Harness incident

[Prod-8] Degraded access to the login page

Minor Resolved View vendor source →

Harness experienced a minor incident on March 3, 2026 affecting Platform, lasting 6h 8m. The incident has been resolved; the full update timeline is below.

Started
Mar 03, 2026, 10:32 AM UTC
Resolved
Mar 03, 2026, 04:40 PM UTC
Duration
6h 8m
Detected by Pingoru
Mar 03, 2026, 10:32 AM UTC

Affected components

Platform

Update timeline

  1. investigating Mar 03, 2026, 10:32 AM UTC

    We are currently investigating this issue.

  2. monitoring Mar 03, 2026, 10:43 AM UTC

    A fix has been implemented and we are monitoring the results.

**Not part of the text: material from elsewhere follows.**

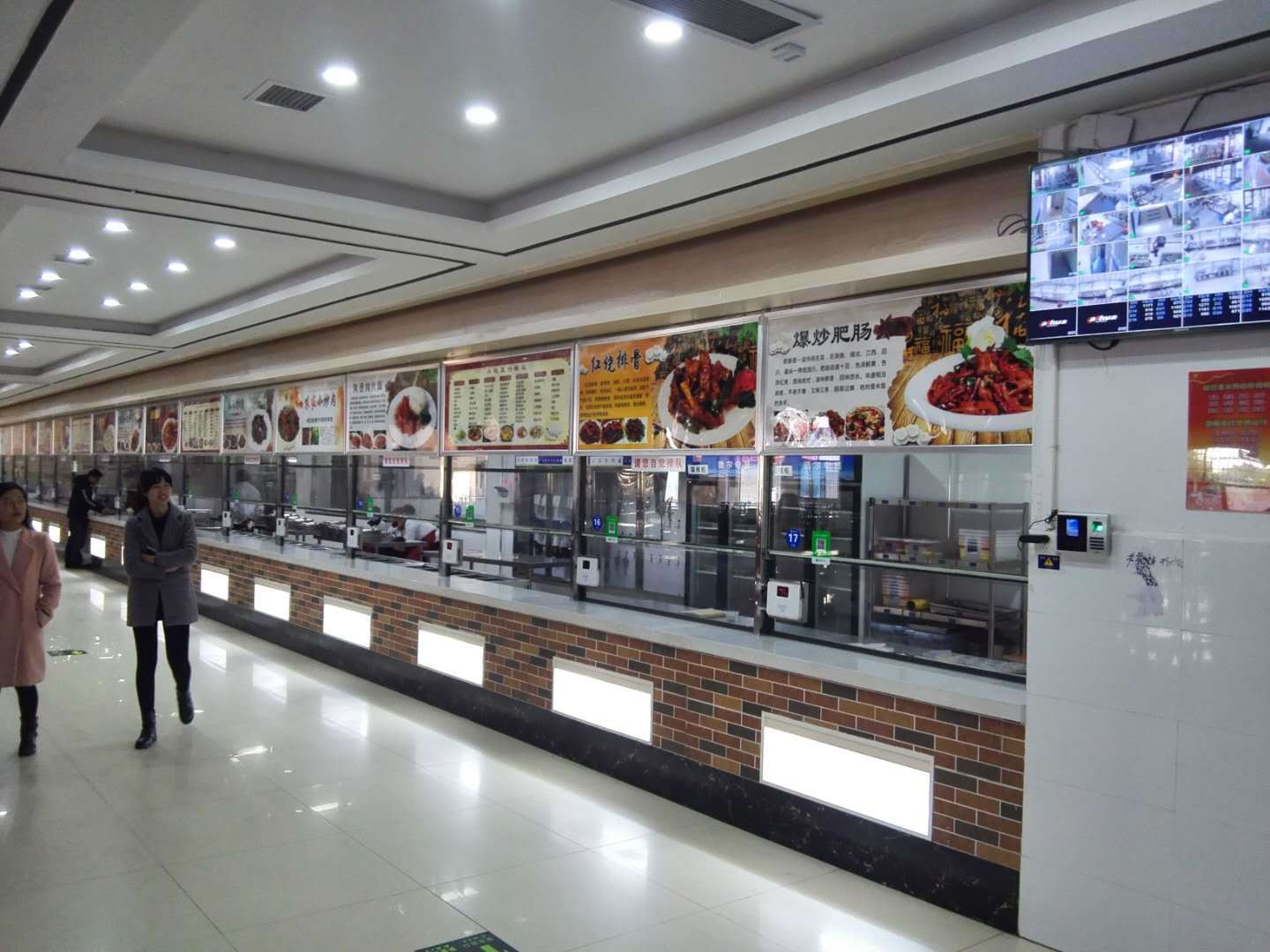 潇湘學院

  3. resolved Mar 03, 2026, 04:40 PM UTC

    This incident has been resolved.

  4. postmortem Mar 04, 2026, 07:20 PM UTC

    ## **Summary** On **March 2**, the **prod8 environment** became temporarily inaccessible due to a config issue during a platform deployment. The issue affected ingress routing for the platform UI, resulting in HTTP **404 responses** when users attempted to access the environment. The issue was quickly identified as an ingress configuration problem. A temporary mitigation was applied by updating the ingress configuration, which immediately restored access. A permanent fix is being implemented to prevent recurrence. ## **Root Cause** ‌ The issue was caused by a **service config** that incorrectly generated ingress configuration during deployment. This caused the ingress controller to misroute incoming requests that did not match the expected path. As a result, these requests were directed to the default backend and returned **404 responses**.The problem was isolated to the ingress routing layer. Network connectivity and the Google Cloud Network Load Balancer were functioning normally ## **Impact** * **Affected Environment:** prod8 * **Customer Impact:** Users were unable to access the platform UI and received HTTP 404 responses. * **Scope:** Limited to the specific environment impacted by the ingress configuration change. ## **Resolution** ‌ Engineering teams applied a temporary mitigation by **patching the platform-ui ingress configuration in production to remove the incorrect host entries**. This restored correct routing behavior and resolved the accessibility issue. Access to the prod8 environment was fully restored after the ingress configuration update. ## **Prevention and Improvements** To prevent recurrence of this issue, the following steps are underway: * Adding additional validation checks to ensure ingress configuration is rendered correctly during deployment. * Improving deployment testing for ingress routing scenarios to detect configuration regressions earlier. These improvements will ensure that similar misconfigurations are caught before reaching production environments.